(Listed records Opens)

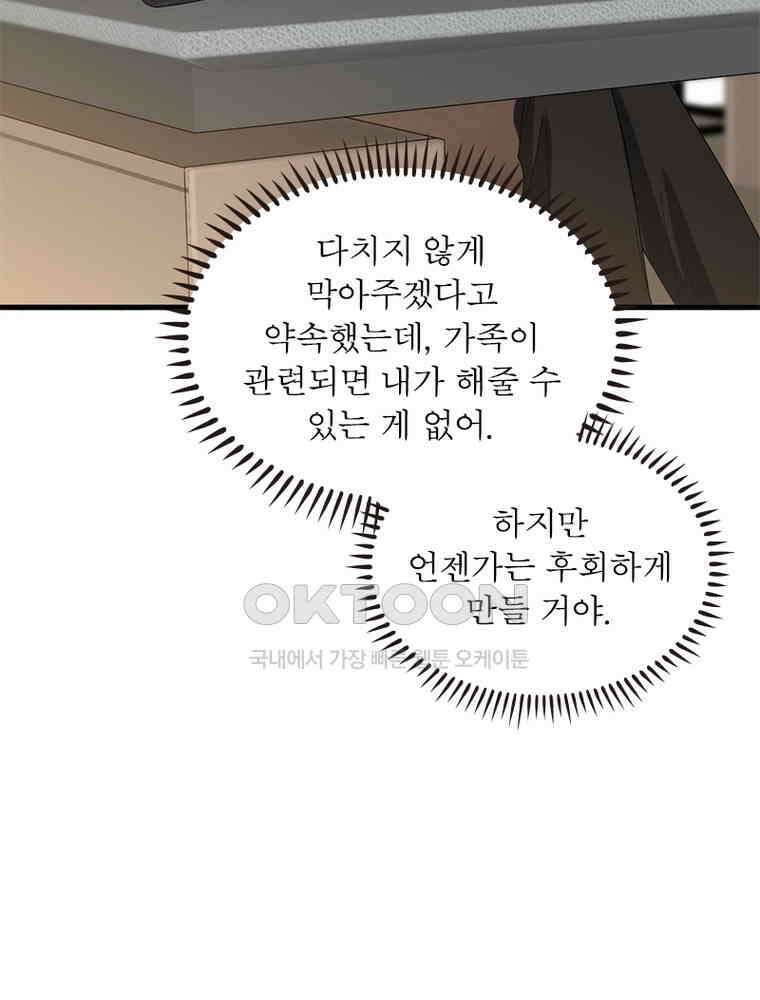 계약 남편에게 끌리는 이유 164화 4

(Listed records Closes)
(Listed records Opens)

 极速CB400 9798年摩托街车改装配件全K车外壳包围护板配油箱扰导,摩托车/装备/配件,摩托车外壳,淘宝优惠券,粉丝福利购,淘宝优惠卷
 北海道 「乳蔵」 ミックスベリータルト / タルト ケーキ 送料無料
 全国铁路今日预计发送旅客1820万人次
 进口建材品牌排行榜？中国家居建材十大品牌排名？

(Listed records Closes)

§ Aim of the exercise: When the line with "极速CB400 9798年摩" is reached in the data above, start copying there, and copy each line exactly until the line with "进口建材品牌排行榜？中国家居建材十大品牌排名？" has been copied; copy nothing else.

§ Completed task:
 极速CB400 9798年摩托街车改装配件全K车外壳包围护板配油箱扰导,摩托车/装备/配件,摩托车外壳,淘宝优惠券,粉丝福利购,淘宝优惠卷
 北海道 「乳蔵」 ミックスベリータルト / タルト ケーキ 送料無料
 全国铁路今日预计发送旅客1820万人次
 进口建材品牌排行榜？中国家居建材十大品牌排名？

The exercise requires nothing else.